● EXERCISE REQUIREMENTS
When you give the entries again, keep every word as it stands and drop the pictures.

──────── RECORDS FOR PROCESSING

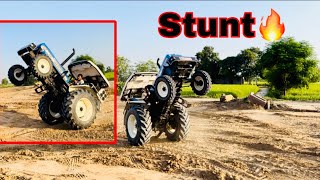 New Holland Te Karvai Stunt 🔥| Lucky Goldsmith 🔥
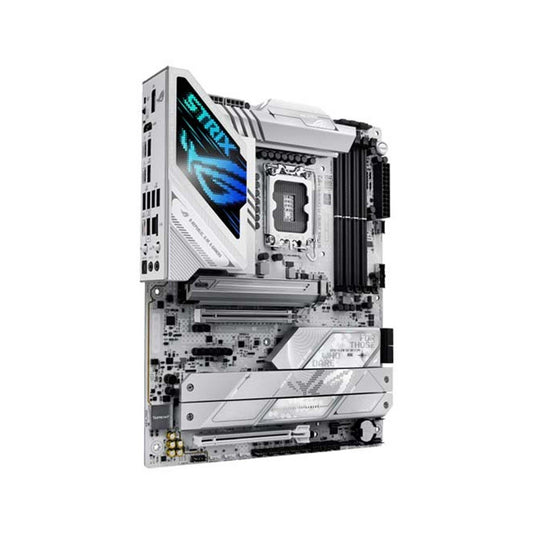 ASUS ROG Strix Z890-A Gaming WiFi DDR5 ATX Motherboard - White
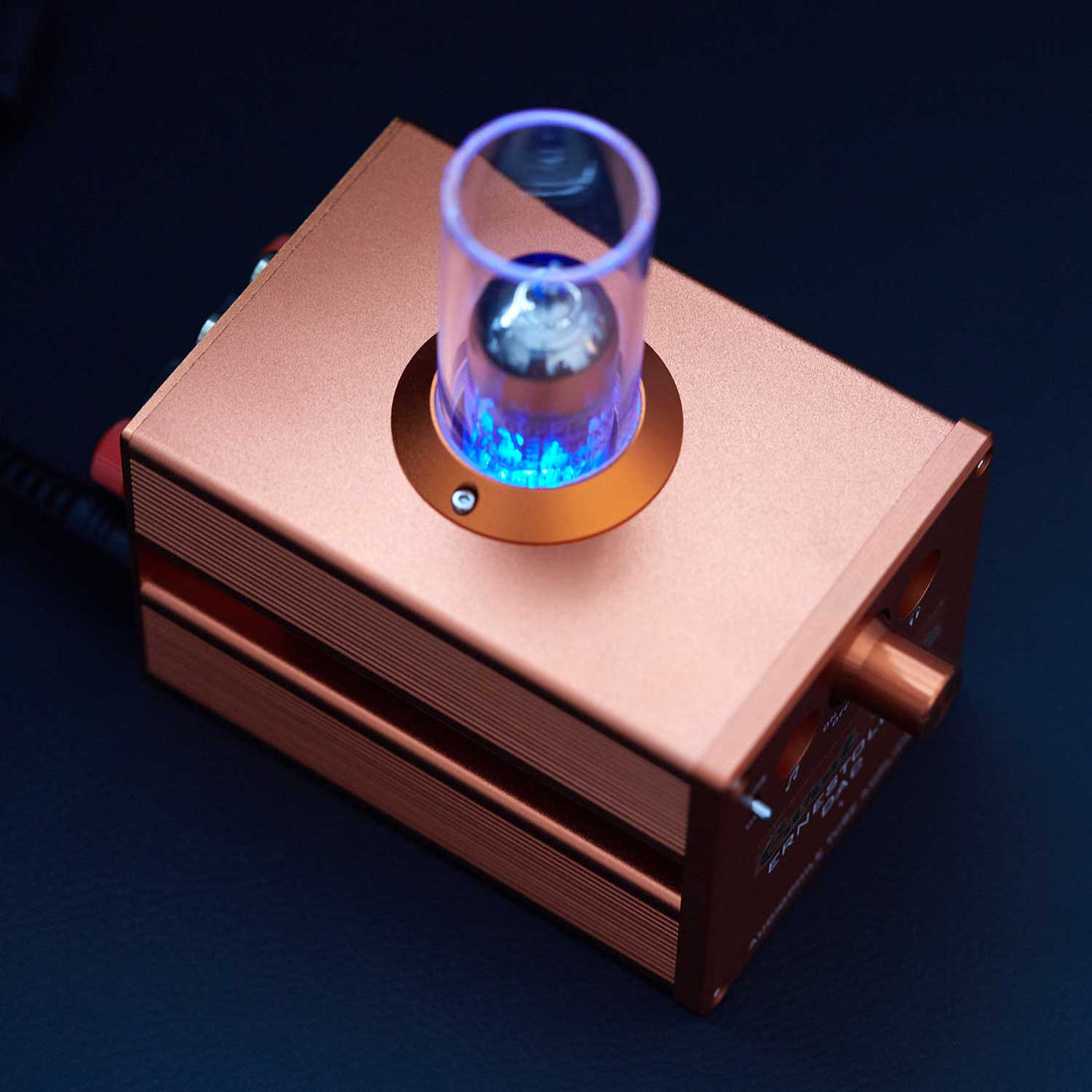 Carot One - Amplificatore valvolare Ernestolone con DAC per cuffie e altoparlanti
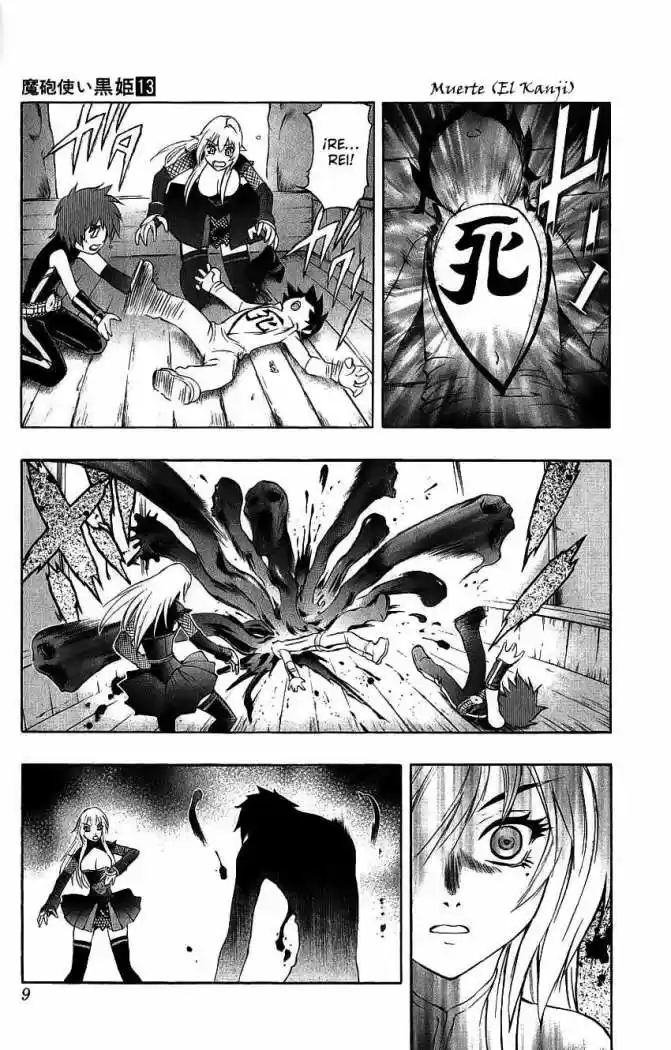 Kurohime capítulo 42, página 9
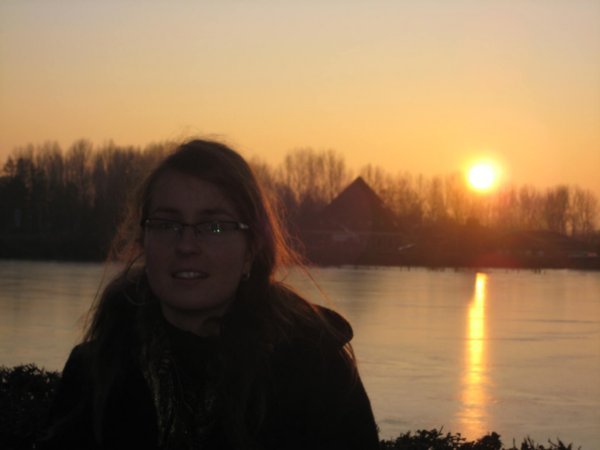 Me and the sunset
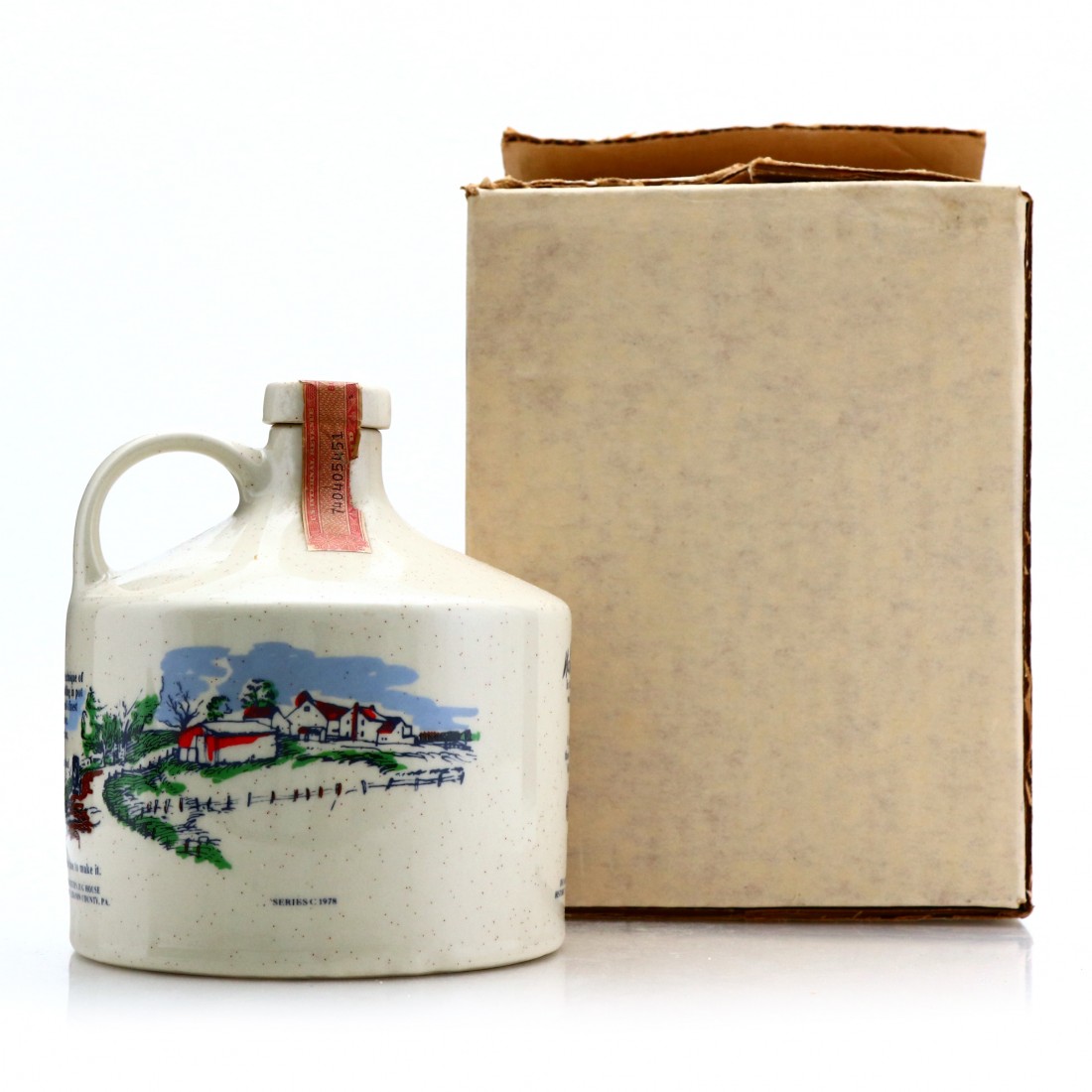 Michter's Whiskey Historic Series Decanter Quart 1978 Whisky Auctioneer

────────────────

● SOLUTION TO THE PROBLEM
 New Holland Te Karvai Stunt 🔥| Lucky Goldsmith 🔥
 ASUS ROG Strix Z890-A Gaming WiFi DDR5 ATX Motherboard - White
 Carot One - Amplificatore valvolare Ernestolone con DAC per cuffie e altoparlanti
 Kurohime capítulo 42, página 9
 Me and the sunset
 Michter's Whiskey Historic Series Decanter Quart 1978 Whisky Auctioneer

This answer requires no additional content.